Era una visión casi epifánica para un adolescente: una portada con una turgente Maribel Verdú, en ropa interior, de una revista de ésas que llaman para hombres -en este caso no había equívoco: hablo de Man-; el titular, puro y certero periodismo: «Maribel Verdú está imponente». Y tanto. Por aquel entonces, uno, impresionable, sí, pero tampoco lelo, veía artefactos como el El beso del sueño, de Rafael Moreno Alba, para descubrir y redescubrir a una jovencita pero mujerona, a una chica que era como la evolución cañí y súper hot de aquella fiera corrupia llamada Ava Gardner. Vamos, que uno veía a la Verdú y sudaba. Se podía haber quedado en eso, en confiar en la tersura de su maquinaria, esperando a que llegara el momento -Kathleen Turner dixit- del dilema de toda actriz: elegir que se le descuelgue la cara o que se le caiga el culo. Y he ahí el milagro de María Isabel Verdú Rollán: su cara se mantiene estupenda y el trasero -perdón, Pedro Larrañaga- me imagino que también. Pero es que le ha añadido a todo eso una carrera de muchos quilates, basada en la pausa y en la calma, guiándose por una agudísima intuición -¿para qué hacer el ridículo en Hollywood como muchas de sus contemporáneas cuando puede uno participar en Y tu mamá también?- y unas saludables ganas de arriesgarse -hoy muchos hablan del otro cine español y de Gente en sitios, de Juan Cavestany, pero ella apostó por él en la infravalorada Gente de mala calidad-. Y todo lo hace como lo hacen los profesionales de cualquier tarea que realmente valen la pena: como quien se ata los cordones, como si fuera fácil. Uno la ve ahora y sigue reconociendo el brillo en los ojos de aquella teen con brackets en La estanquera de Vallecas, pero con la belleza que traen la experiencia, la vida y las películas. Sin perder la sonrisa.

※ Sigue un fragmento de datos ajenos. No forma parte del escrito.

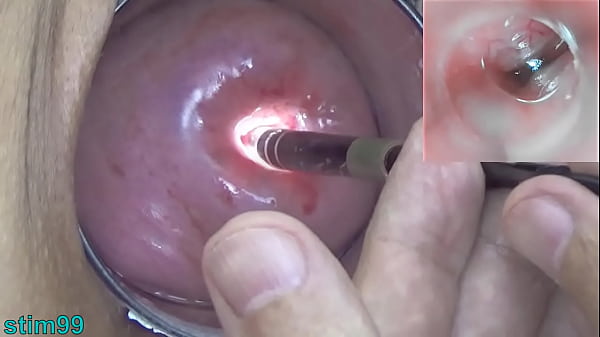Watch inside the uterus of Asian woman with Endoscope camera into Cervix  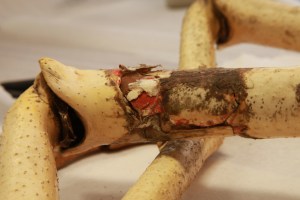 Some of the old filler material in a leg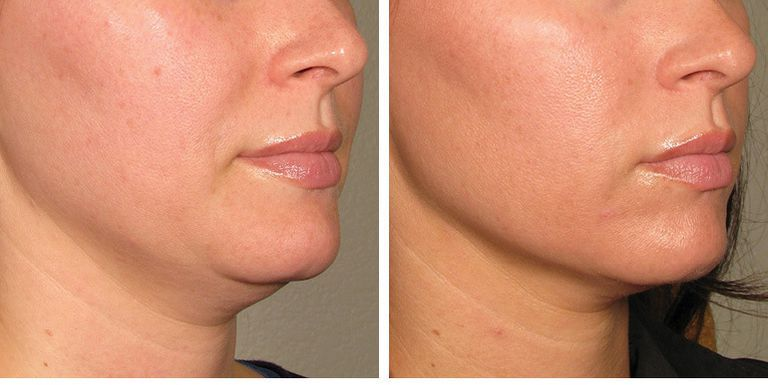 Skin Tightening Treatment in Pimpri Chinchwad 1 image2 4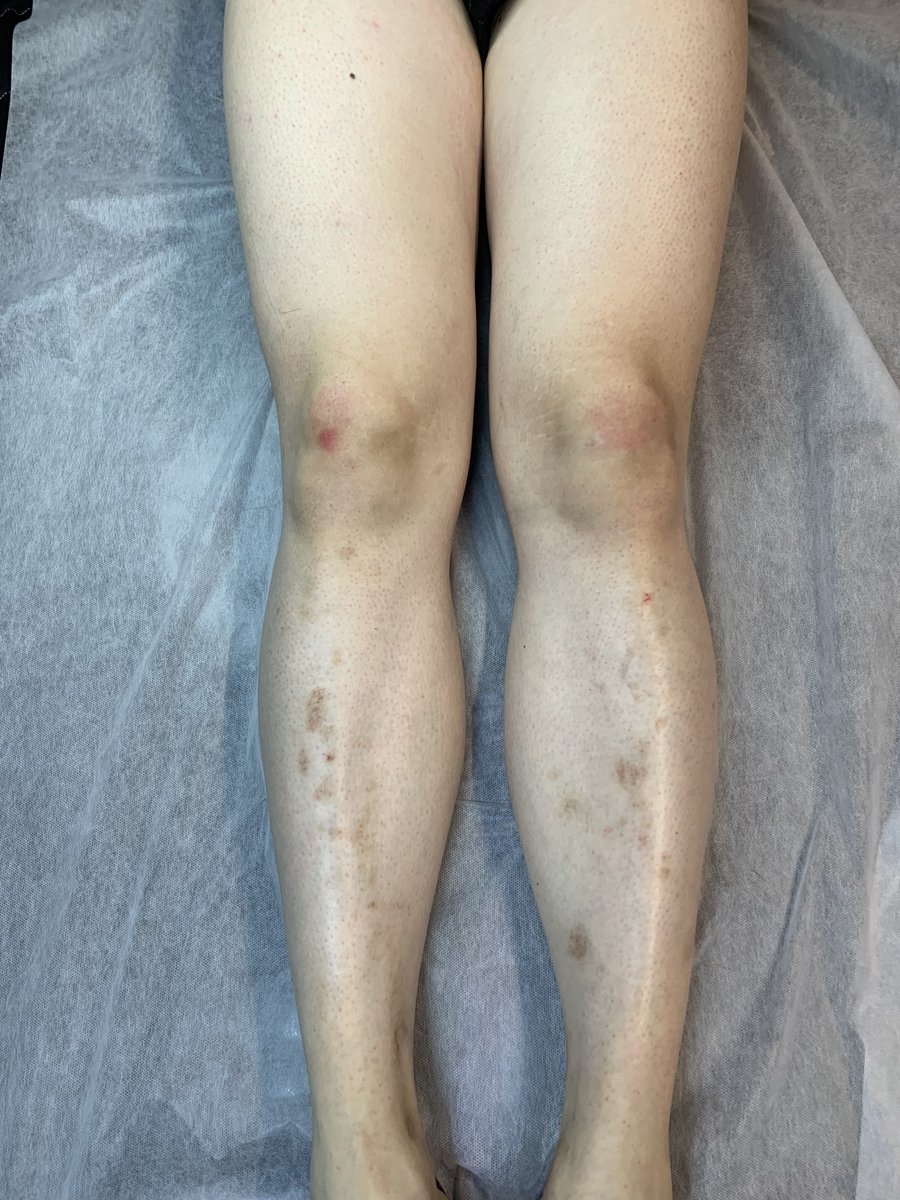 🔥 더워지는 날씨, 지금은 다리 왁싱할 때 🦵✨

✓ 남자 원장님의 1:1 맞춤 예약 관리
✓ 시술 후 모든 기구, 용품 소독 및 1회 용품 사용
✓ 샤워실 완비
​✓ 당일 예약 가능

 문의 : open.kakao.com/o/sXF03Mzf

#인천남자왁싱 #남자왁서 #인하대 #부평 #주안 #송도 #제물포 #청라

Debutó en el teatro sin poner la cara ésa que ejercitan muchos intérpretes de las tablas que parece que estén viendo a Dios -«el cine es mentira y frivolidad, la verdad verdadera está en el teatro y bla, bla, bla»: cuánto intenso suelto-, trabajó con Francis Ford Coppola y Alfonso Cuarón sin despeinarse pero sin faltar al respeto... Lo hizo sin creerse más que nadie pero tampoco menos. Y todo eso, siendo una chica que parece estupenda, que parece de charla amena y café que cunde. Me acuerdo hace unas cuantas ediciones del Festival de Málaga de las tribulaciones de algunos de sus trabajadores, que prácticamente se jugaban a los chinos el tener que acompañar en la cena a una actriz que todos, absolutamente todos aquellos curritos tildaban de insoportable, irritante y diva. Pues me da a mí que si estuvieran ahora ante la oportunidad de acompañar a Maribel Verdú habría tortas... Pero para conseguirlo. A los demás, a los que jamás nos tomaremos un café o compartiremos una cena con la Verdú, nos quedará siempre una próxima cita con ella, la chica que transformó la calentura en calidez, en el cine.